Data below ::
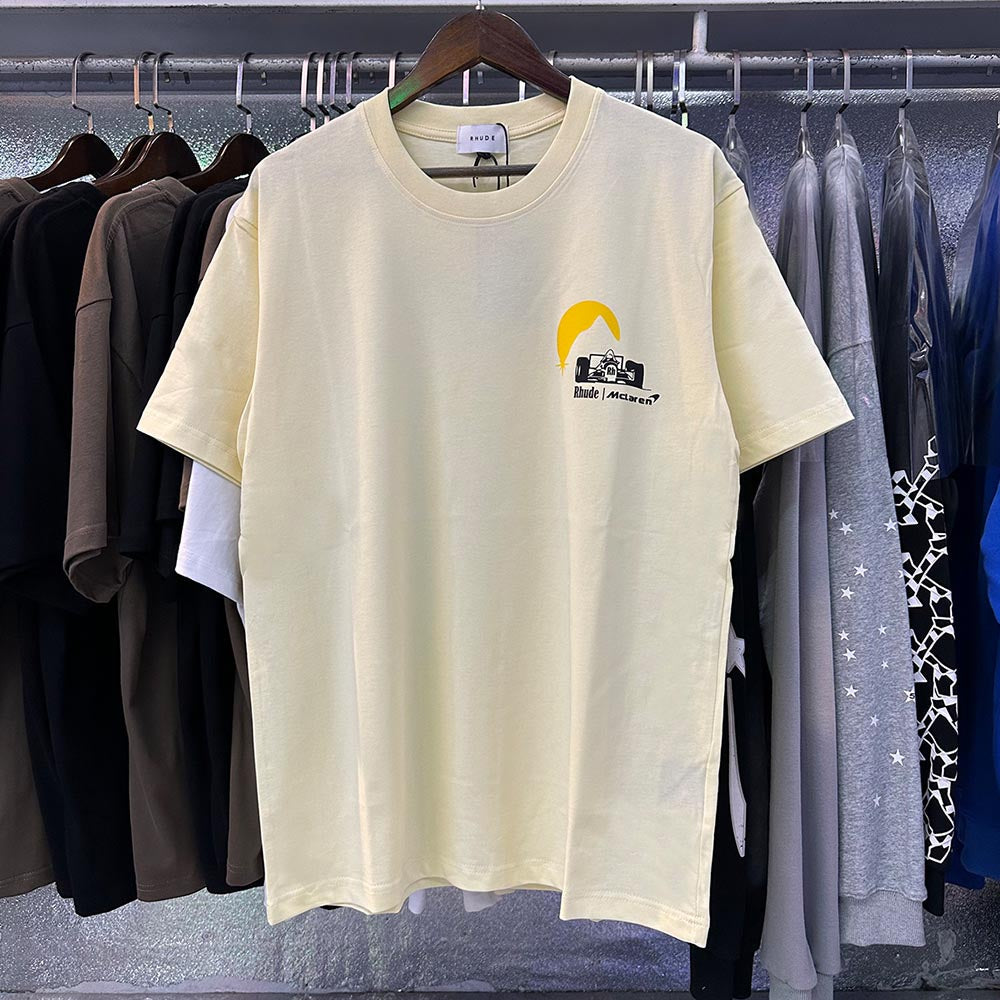 Rhude T-shirts Racing Printed Cotton Casual Short Sleeves Men and Women
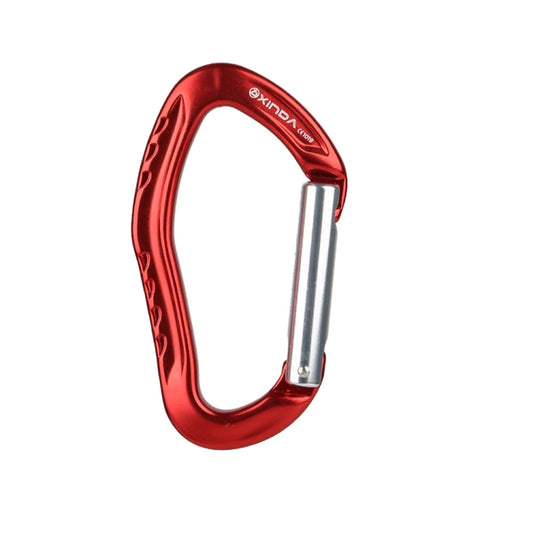 Red aluminum carabiner with spring-loaded straight gate for rock climbing quickdraw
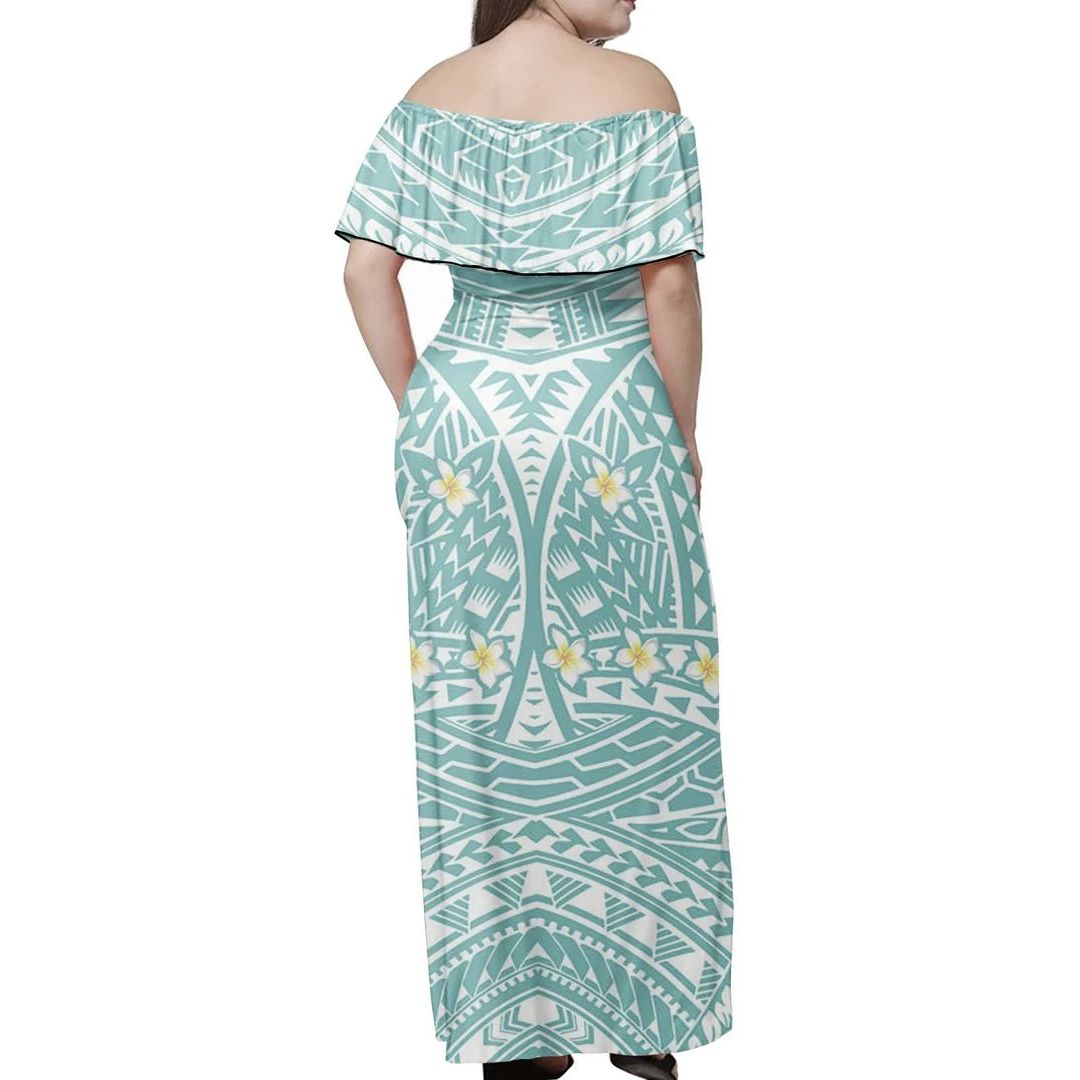 Polynesian Pride Dress - Polynesian Little Plumeria Off Shoulder Long Dress - Polynesian Pride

Exercise details ::
Would you return all the data exactly as given, minus the pictures?

Output ::
 Rhude T-shirts Racing Printed Cotton Casual Short Sleeves Men and Women
 Red aluminum carabiner with spring-loaded straight gate for rock climbing quickdraw
 Polynesian Pride Dress - Polynesian Little Plumeria Off Shoulder Long Dress - Polynesian Pride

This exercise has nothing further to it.